Problem details
Gather every line below where "Image" appears.

(Extracted records)
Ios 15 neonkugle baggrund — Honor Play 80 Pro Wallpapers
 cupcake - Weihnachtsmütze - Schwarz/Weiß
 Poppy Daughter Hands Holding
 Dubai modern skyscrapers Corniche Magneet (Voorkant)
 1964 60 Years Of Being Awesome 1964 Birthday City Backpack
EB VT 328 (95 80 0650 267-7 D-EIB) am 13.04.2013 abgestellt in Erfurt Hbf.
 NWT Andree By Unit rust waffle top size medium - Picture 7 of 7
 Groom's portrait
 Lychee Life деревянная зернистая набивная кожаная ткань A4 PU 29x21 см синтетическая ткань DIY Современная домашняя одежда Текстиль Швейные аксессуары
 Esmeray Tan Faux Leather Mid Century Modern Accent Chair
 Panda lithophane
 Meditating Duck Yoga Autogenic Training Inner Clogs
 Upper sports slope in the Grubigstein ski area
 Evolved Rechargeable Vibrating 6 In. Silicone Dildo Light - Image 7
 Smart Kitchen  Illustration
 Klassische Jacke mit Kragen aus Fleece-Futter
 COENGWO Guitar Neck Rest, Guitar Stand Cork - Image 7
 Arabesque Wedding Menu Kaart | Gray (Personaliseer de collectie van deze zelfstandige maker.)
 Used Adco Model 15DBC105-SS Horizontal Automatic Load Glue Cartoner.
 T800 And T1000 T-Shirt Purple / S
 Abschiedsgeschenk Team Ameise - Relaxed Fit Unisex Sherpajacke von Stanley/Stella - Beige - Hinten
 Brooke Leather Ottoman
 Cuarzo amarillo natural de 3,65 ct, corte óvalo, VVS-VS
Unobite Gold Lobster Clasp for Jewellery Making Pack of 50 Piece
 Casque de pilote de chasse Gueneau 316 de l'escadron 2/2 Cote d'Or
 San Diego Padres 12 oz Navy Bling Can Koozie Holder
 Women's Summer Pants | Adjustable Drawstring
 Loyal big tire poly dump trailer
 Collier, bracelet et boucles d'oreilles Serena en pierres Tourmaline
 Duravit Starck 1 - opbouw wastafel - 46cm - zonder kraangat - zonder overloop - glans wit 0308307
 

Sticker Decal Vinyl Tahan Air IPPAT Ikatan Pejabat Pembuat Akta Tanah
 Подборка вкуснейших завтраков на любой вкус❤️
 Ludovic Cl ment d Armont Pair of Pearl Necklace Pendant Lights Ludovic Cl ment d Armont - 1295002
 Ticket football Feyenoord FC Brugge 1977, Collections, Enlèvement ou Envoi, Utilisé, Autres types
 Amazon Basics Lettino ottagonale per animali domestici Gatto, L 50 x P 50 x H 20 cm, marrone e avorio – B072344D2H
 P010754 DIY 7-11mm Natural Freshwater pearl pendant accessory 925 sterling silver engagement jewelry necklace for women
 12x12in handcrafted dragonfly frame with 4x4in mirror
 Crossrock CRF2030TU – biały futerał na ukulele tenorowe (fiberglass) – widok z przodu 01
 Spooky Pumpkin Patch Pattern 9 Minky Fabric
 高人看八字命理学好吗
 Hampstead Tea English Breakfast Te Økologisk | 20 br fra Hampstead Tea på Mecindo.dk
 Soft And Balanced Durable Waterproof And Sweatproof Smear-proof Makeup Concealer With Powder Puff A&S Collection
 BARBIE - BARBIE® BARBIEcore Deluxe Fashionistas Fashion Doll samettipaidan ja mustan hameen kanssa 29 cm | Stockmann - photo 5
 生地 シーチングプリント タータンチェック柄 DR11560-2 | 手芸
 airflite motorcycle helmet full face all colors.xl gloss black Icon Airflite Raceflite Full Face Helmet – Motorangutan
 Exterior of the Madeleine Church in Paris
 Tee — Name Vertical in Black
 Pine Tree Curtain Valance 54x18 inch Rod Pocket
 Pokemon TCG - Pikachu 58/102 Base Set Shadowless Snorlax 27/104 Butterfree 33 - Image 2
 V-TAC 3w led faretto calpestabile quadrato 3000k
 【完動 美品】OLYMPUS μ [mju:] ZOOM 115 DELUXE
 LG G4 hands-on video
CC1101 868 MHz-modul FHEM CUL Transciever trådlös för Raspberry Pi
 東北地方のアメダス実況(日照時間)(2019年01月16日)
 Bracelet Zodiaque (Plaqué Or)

Output for this task
 Evolved Rechargeable Vibrating 6 In. Silicone Dildo Light - Image 7
 COENGWO Guitar Neck Rest, Guitar Stand Cork - Image 7
 Pokemon TCG - Pikachu 58/102 Base Set Shadowless Snorlax 27/104 Butterfree 33 - Image 2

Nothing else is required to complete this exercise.